FACTS AND PROCEDURAL HISTORY

[4] On January 29, 2014, the State charged Bragg with two Counts of Class A felony criminal deviate conduct, one Count of Class B felony criminal confinement, two Counts of Class C felony sexual battery, one Count of Class C felony intimidation, and one Count of Class D felony theft. On November 5, 2014, the trial court conducted a jury trial.

[5] During the venire, one of the prospective jurors volunteered that he was “not a law enforcement officer per se” but that he was a “deputy attorney general [and] a supervisor in [the] appeals division,” working very closely with the criminal appeals attorneys. (Conf. Transcript p. 45). As such, he felt “a little uncomfortable about serving as a juror.” (Conf. Tr. p. 45). When questioned by Bragg that he is “probably leaning towards favoring the State or being biased by the State,” the prospective juror responded that he had “been doing that for a long time [and][s]o there's a natural tendency probably.” (Conf. Tr. p. 84). When asked whether he could be fair, the prospective juror noted

Well, I'm not sure that I would ever say that I couldn't be entirely fair, but I bring to the table a lengthy experience with these kinds of things. And I've represented the State at the—you know, at the Attorney General's level in many, many things.

(Conf. Tr. p. 85). When asked by the trial court “assuming you were throughout here as a juror—throughout the whole trial, and at the end of the day, you didn't think the State met the burden of proof, would you be able to enter a finding of not guilty,” the prospective juror replied, “Yes.” (Conf. Tr. p. 96). He added, however, “I'm just uncomfortable about it from a [ ] professional [ ] point of view.” (Conf. Tr. p. 96).
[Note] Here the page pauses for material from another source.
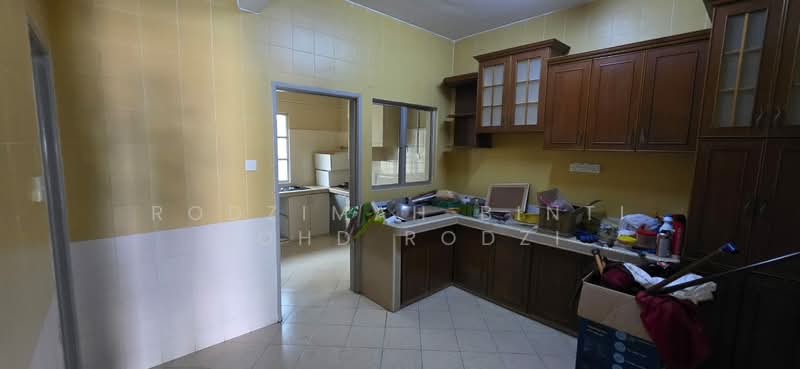 Rumah Teres 2 Tingkat untuk Disewa di Taman Subang Bestari (Sungai Buloh) - Rodzimah Binti Mohd Rodzi - Kitchen - PropertyGuru.com.my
After the trial court refused to strike the prospective juror for cause, Bragg peremptorily struck him.

[6] Later during voir dire, Bragg used his last peremptory challenge and also requested to remove two other jurors for cause because they “were pretty clear that they did not want to be on this jury, they did not feel that they could be fair” even though they did say “that they would follow the instructions.” (Tr. p. 207). Bragg also requested an additional peremptory challenge because he believed that “the attorney general should have been struck for cause” so he could have used it to strike another objectionable juror. (Tr. p. 207). After the trial court rejected the for-cause challenges and denied Bragg's request for an additional challenge, Bragg declined to accept the jury venire. The trial court allowed Bragg to make a record of his denial. At the close of the jury trial, the jury returned a guilty verdict on one Count of Class A criminal deviate conduct, one Count of Class C felony battery, and Class D felony theft.
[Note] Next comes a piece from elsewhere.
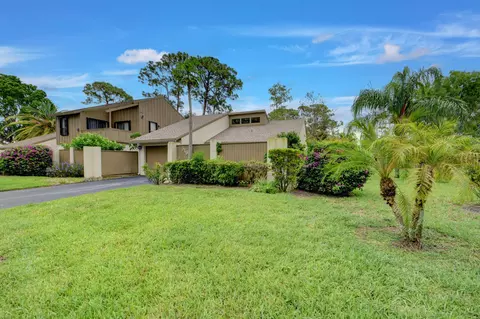 310 Wood Dale Dr, Wellington, FL 33414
[7] On November 26, 2014, the trial court sentenced Bragg to forty years executed with ten years suspended and three years probation for criminal deviate conduct, and two years executed for theft, with sentences to be served concurrently. The trial court merged the sexual battery charge with the criminal deviate conduct conviction.
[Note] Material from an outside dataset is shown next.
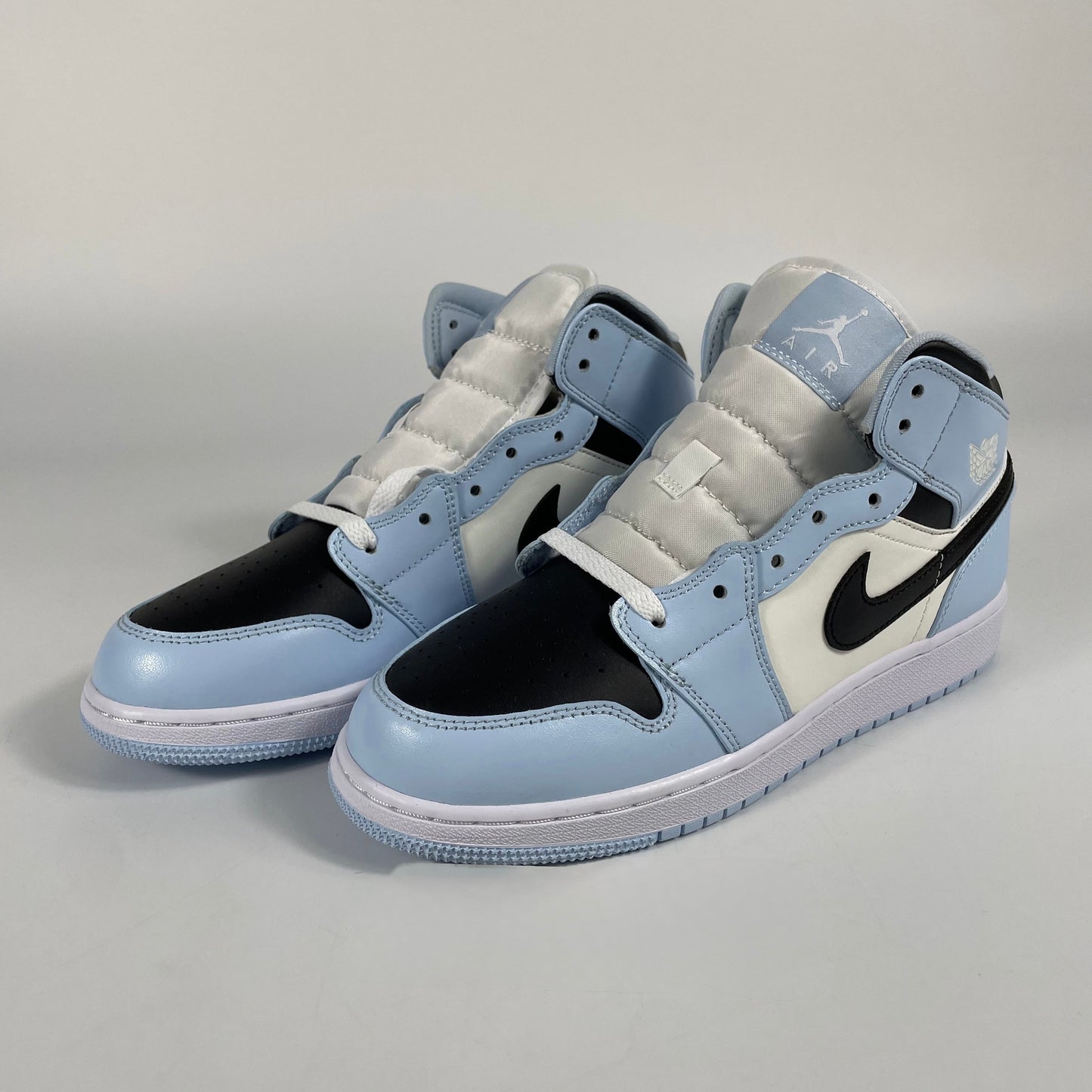 Air Jordan 1 Retro High OG “UNC Toe” sneakers university blue nero bianco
[8] Bragg now appeals. Additional facts will be provided as necessary.

DISCUSSION AND DECISION

[9] Bragg contends that he was denied the right to a fair trial because the trial court abused its discretion in denying his challenge for cause as to the prospective juror, who is a deputy attorney general and a supervisor in the appeals division. The decision to grant or deny a challenge for cause to a prospective juror is a matter within the trial court's discretion. Kimbrough v.. State, 911 N.E.2d 621, 628 (Ind.Ct.App.2009). We will reverse the trial court's decision only if it is illogical or arbitrary. Id. Moreover, we afford considerable deference to trial judges regarding this decision because they see jurors firsthand and are in a better position to assess a juror's ability to serve without bias and reach a decision based on the law. Id. Finally, we note that the purpose of voir dire is to determine whether the prospective juror can render a fair and impartial verdict in accordance with the law and evidence. Id.

[10] The Federal and Indiana Constitutions guarantee the right to an impartial jury. Ramirez v. State, 7 N.E.3d 933, 936 (Ind.2014). But selecting impartial juries depends upon the parties' discernment and the trial court's discretion to select a panel of objective and unbiased jurors “who will conscientiously apply the law and find the facts.” Oswalt v. State, 19 N.E.3d 241, 245 (Ind.2014) (quoting Wainwright v. Witt, 469 U.S. 412, 423, 105 S.Ct. 844, 83 L.Ed.2d 841 (1985) ). Removing prospective jurors—whether peremptorily or for cause—who cannot perform these tasks is the mechanism parties and trial courts use to achieve an impartial jury. Emmons v. State, 492 N.E.2d 303, 305 (Ind.1986).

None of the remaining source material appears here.